Chaetopappa ericoides is a species of flowering plant in the family Asteraceae known by the common names rose heath and heath-leaved chaetopappa. It is native to the southwestern and western Great Plains regions of the United States, plus northern Mexico. It is found in California, Nevada, Arizona, Utah, New Mexico, Colorado, Wyoming, Texas, Oklahoma, Kansas, Nebraska, Chihuahua, Coahuila, Sonora, Durango, Zacatecas, San Luis Potosí, and Nuevo León.

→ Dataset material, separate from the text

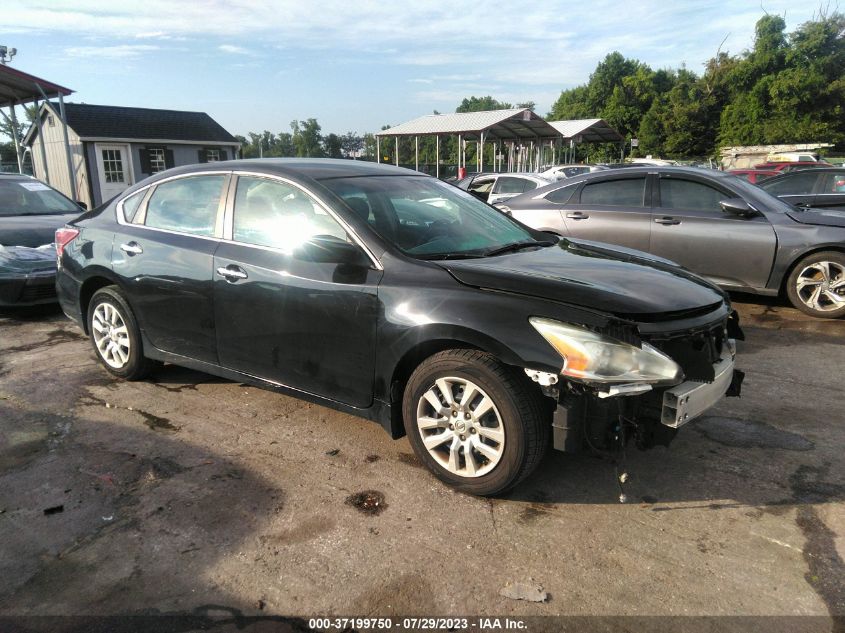 2013 NISSAN ALTIMA 2.5 S - 1N4AL3AP9DC121998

Chaetopappa ericoides is a petite perennial herb reaching heights between 5 and 15 centimeters (2–6 inches). The hairy, glandular stem grows from a woody caudex and branches several times. The green leaves are up to about a centimeter long and are glandular and bristly. The tiny flower head is 1 or 2 centimeters wide with white or pinkish ray florets around a center of yellow disc florets. Each head has a base of pointed purple-tipped greenish phyllaries. The fruit is a hairy, round achene with a bristly white pappus.

==Uses==
Among the Zuni people, an infusion of whole pulverized plant applied is rubbed on the body for the pain from a cold, swellings, and rheumatism. A warm infusion of the plant is also taken to hasten parturition.